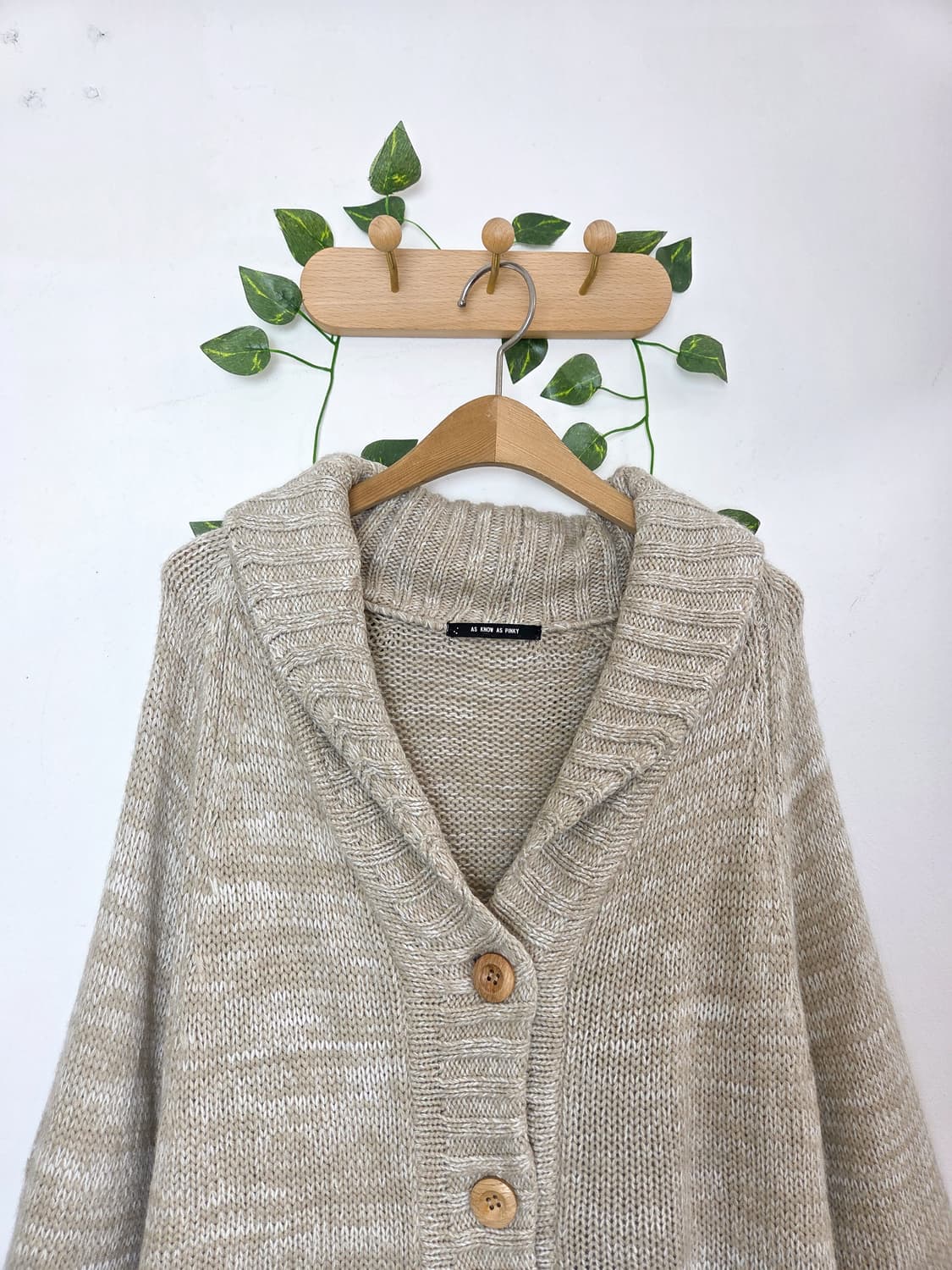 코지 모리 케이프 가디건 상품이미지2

--

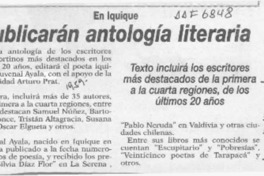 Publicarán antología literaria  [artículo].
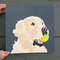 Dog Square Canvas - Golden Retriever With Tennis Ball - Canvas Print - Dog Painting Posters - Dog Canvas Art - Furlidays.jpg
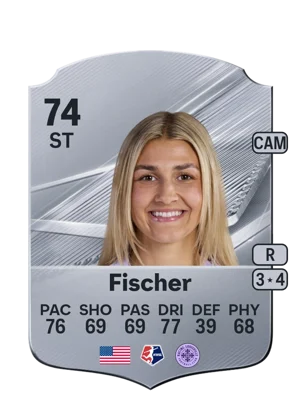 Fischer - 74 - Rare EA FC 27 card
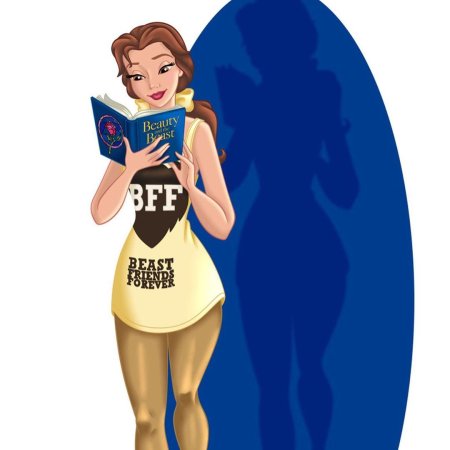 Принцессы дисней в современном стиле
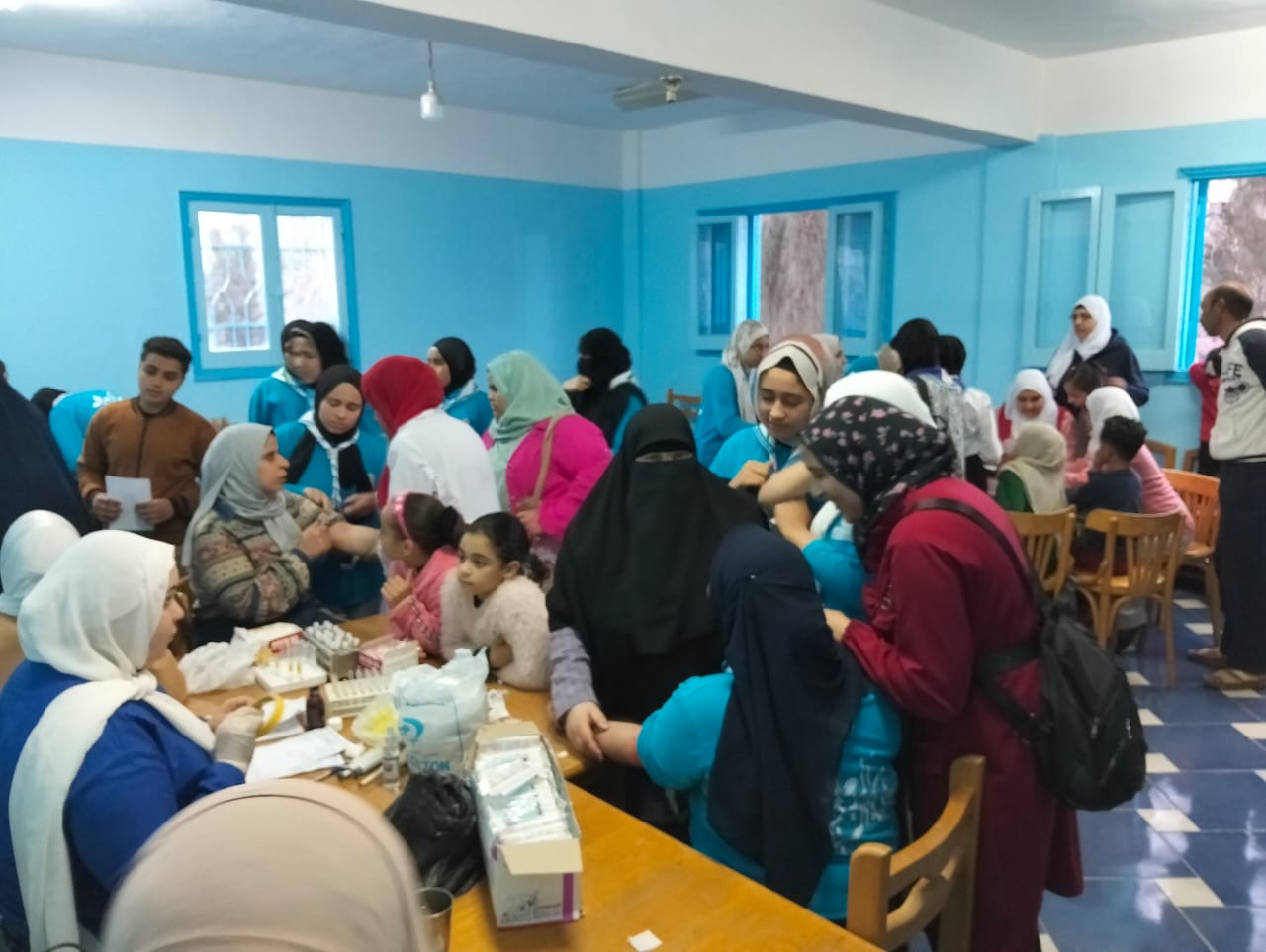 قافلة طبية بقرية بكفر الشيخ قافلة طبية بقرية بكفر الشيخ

...

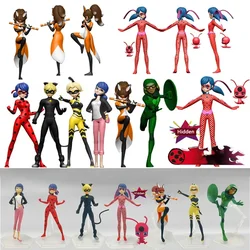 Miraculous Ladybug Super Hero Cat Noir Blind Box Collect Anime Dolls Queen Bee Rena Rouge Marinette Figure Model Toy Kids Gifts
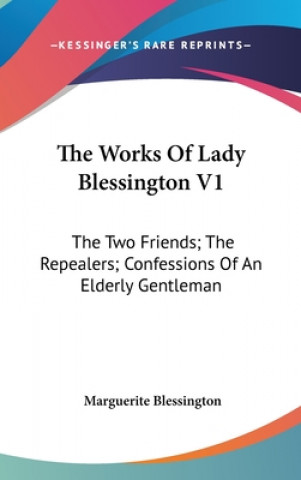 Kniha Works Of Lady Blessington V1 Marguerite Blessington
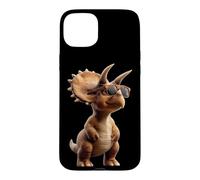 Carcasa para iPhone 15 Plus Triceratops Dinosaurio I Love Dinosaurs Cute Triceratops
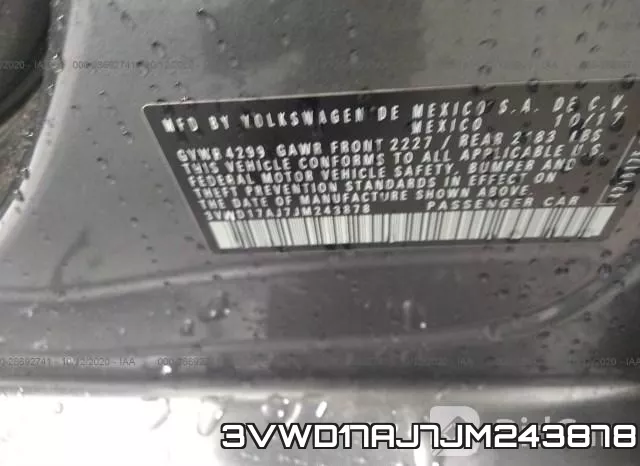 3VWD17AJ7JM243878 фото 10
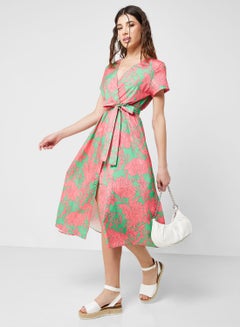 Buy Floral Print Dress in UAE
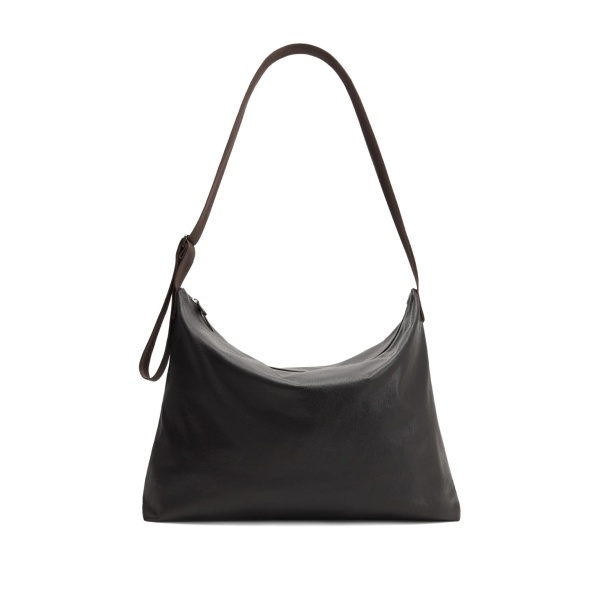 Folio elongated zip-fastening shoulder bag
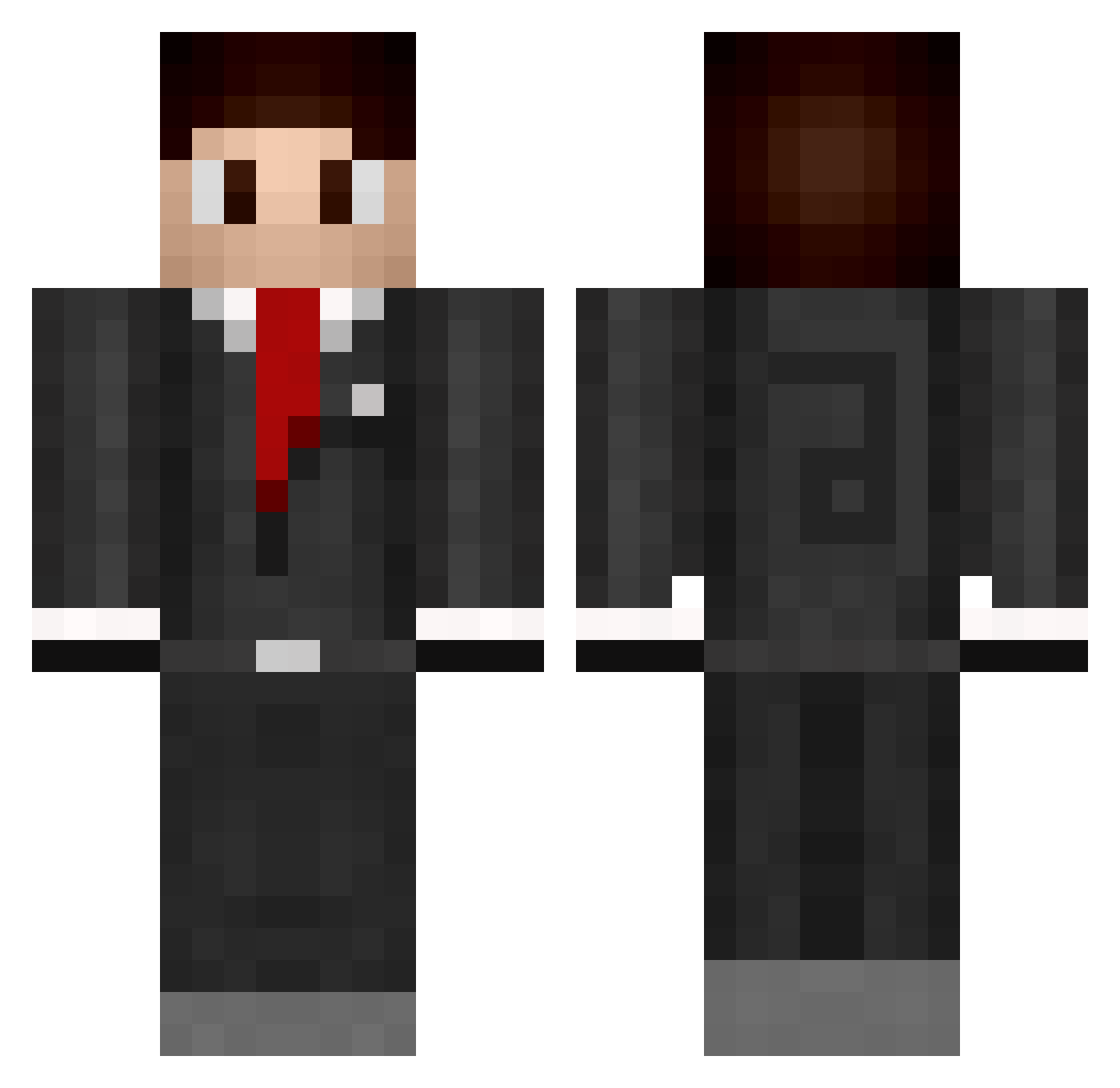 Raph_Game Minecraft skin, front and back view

■ Problem details:
Retype only the lines above from the one with "Kniha Works Of" through the one with "Raph_Game Minecraft skin, front", exactly and with both ends. Images stay out.

■ Worked solution:
 Kniha Works Of Lady Blessington V1 Marguerite Blessington
 Carcasa para iPhone 15 Plus Triceratops Dinosaurio I Love Dinosaurs Cute Triceratops
 3VWD17AJ7JM243878 фото 10
 Buy Floral Print Dress in UAE
 Folio elongated zip-fastening shoulder bag
 Raph_Game Minecraft skin, front and back view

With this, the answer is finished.